News Feature | October 23, 2013

Big Data Could Jeopardize Healthcare Privacy And Security

Greg Bengel

By Greg Bengel, contributing writer

Presenters at an MIT Technology Review event point out that there are significant privacy and security concerns with big data’s application in healthcare

According to a recent article on mobihealthnews.com, the use of big data in healthcare can jeopardize privacy and security. The article covers presentations at the MIT Technology Review’s EmTech event in Cambridge, MA, in which presenters pointed out that we may need to be having some different, more sobering conversations about big data.

This is quite a different tone from the typical buzz surrounding big data. Health IT Outcomes recently reported on three ways big data is changing healthcare. Specifically, big data has been praised for its ability to identify patients at high-risk for certain medical conditions before problems occur, increase the quality of care received by patients, and reduce the rising costs of healthcare.

Also, a recent survey from the eHealth Initiative and the College of Health Information Management Executives (covered here by Health IT Outcomes), found that “Nearly 80 percent of respondents felt that leveraging big data and predictive analytics is important to their organization’s strategic plans and priorities.”

But while big data has great potential to alter the healthcare landscape, presenters at the EmTech event said that it must be approached with caution. According to one presenter, MIT Technology Review Editor in Chief Jason Pontin, “From healthcare, to different ways to make data more accessible, data is becoming highly personalized and new services are rolling into the market. But at the same time, new questions are raised as we consider what the implications might be for security as well as privacy.”

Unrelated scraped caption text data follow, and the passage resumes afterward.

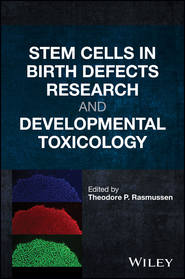 бесплатно читать книгу Stem Cells in Birth Defects Research and Developmental Toxicology автора Theodore Rasmussen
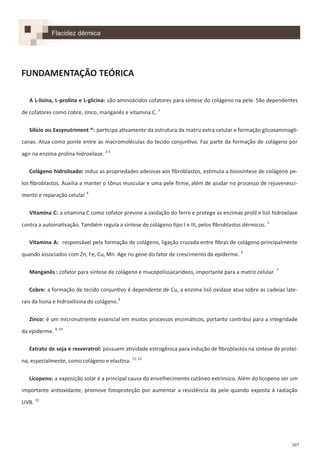 307
FUNDAMENTAÇÃO TEÓRICA
A L-lisina, L-prolina e L-glicina: são aminoácidos cofatores para síntese do colágeno na pele. São dependentes
de cofatores como cobre, zinco, manganês e vitamina C. 1
Silício ou Exsynutriment ®: participa ativamente da estrutura da matriz extra celular e formação glicosaminogli-
canas. Atua como ponte entre as macromoléculas do tecido conjuntivo. Faz parte da formação de colágeno por
agir na enzima prolina hidroxilase. 2,3
Colágeno hidrolisado: induz as propriedades adesivas aos fibroblastos, estimula a biossíntese de colágeno pe-
los fibroblastos. Auxilia a manter o tônus muscular e uma pele firme, além de ajudar no processo de rejuvenesci-
mento e reparação celular.4
Vitamina C: a vitamina C como cofator previne a oxidação do ferro e protege as enzimas prolil e lisil hidroxilase
contra a autoinativação. Também regula a síntese de colágeno tipo I e III, pelos fibroblastos dérmicos. 5
Vitamina A: responsável pela formação de colágeno, ligação cruzada entre fibras de colágeno principalmente
quando associados com Zn, Fe, Cu, Mn. Age no gene do fator de crescimento da epiderme. 6
Manganês : cofator para síntese de colágeno e mucopolissacarídeos, importante para a matriz celular. 7
Cobre: a formação de tecido conjuntivo é dependente de Cu, a enzima lisil oxidase atua sobre as cadeias late-
rais da lisina e hidroxilisina do colágeno.8
Zinco: é um micronutriente essencial em muitos processos enzimáticos, portanto contribui para a integridade
da epiderme. 9, 10
Extrato de soja e resveratrol: possuem atividade estrogênica para indução de fibroblastos na síntese de proteí-
na, especialmente, como colágeno e elastina. 11, 12
Licopeno: a exposição solar é a principal causa do envelhecimento cutâneo extrínsico. Além do licopeno ser um
importante antioxidante, promove fotoproteção por aumentar a resistência da pele quando exposta à radiação
UVB. 13
Flacidez dérmica
 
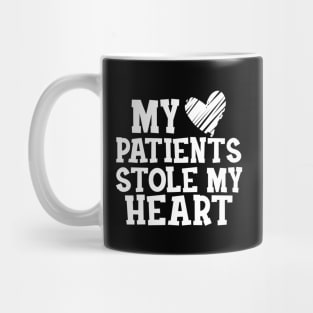 Nurse - My patients stole my heart Mug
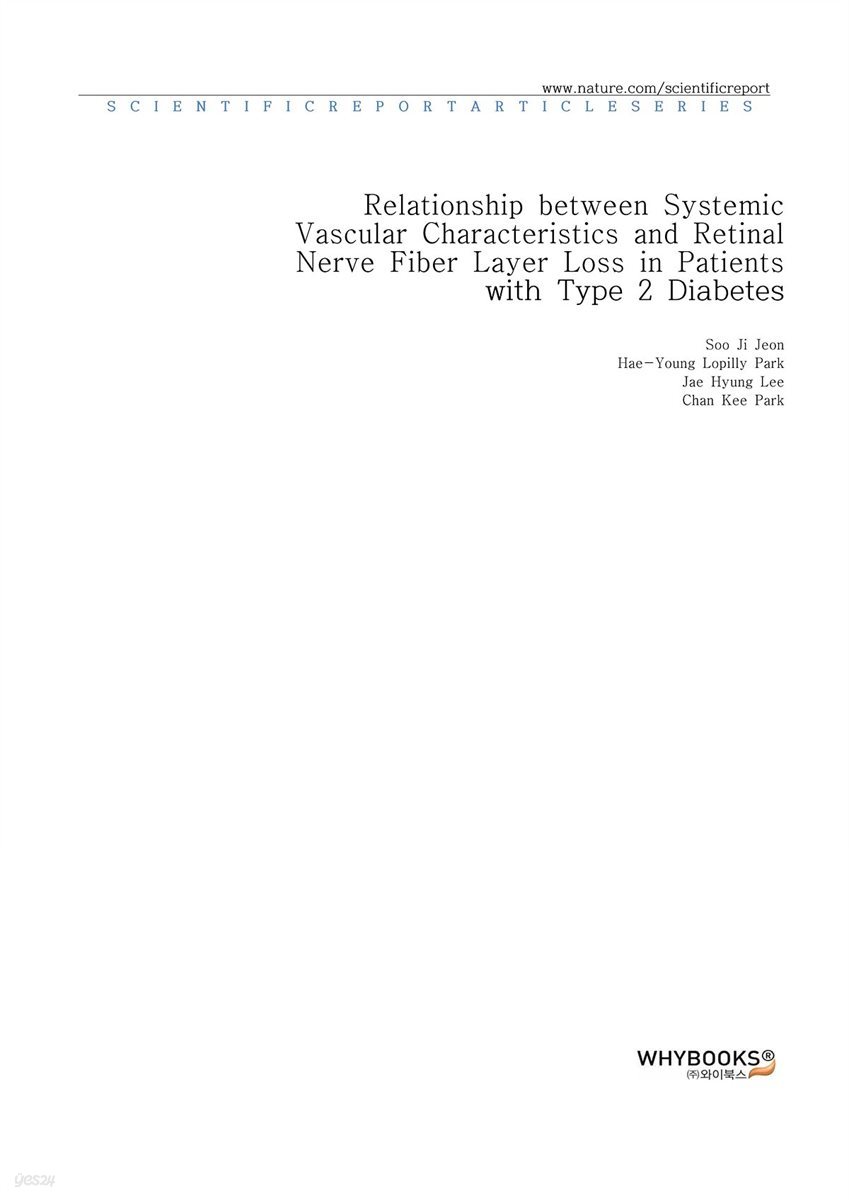 Relationship between Systemic Vascular Characteristics and Retinal Nerve Fiber Layer Loss in Patients with Type 2 Diabetes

Kate Crawford, principal researcher at Microsoft Research, spoke at the event about de-identified data and anonymity. Mobihealthnews.com explains that “as data analytics get better and better, anonymous data can even be re-identified after the fact.” According to Crawford, “We’re in a really interesting situation with health data. We have previously had HIPAA as the act that really tightly regulates how health data can move and be shared and that’s worked really well for doctors. But think about what happens when you get sick now. You probably type something into a search engine, put your symptoms in and see ‘what might be wrong with me?’ That data is completely unprotected by HIPAA.”

Perhaps most bizarre, Mitchell Higashi, chief economist at GE Healthcare points out, as mobihealthnews.com explains, “that when quantified self apps create a complex biometric picture of an individual, they also create the possibility of a “quantified clone” of that individual, which could then be accessed by others.”

In his talk, Higashi states, “In a world of unstructured big data, we go all the way to the extreme of highly structured data, where we’re essentially re-creating digital people. Once your unit of measurement is a person, you can now build into this person code. Specific health behaviors, risks for many diseases, and you can tag them to a virtual location on the map.”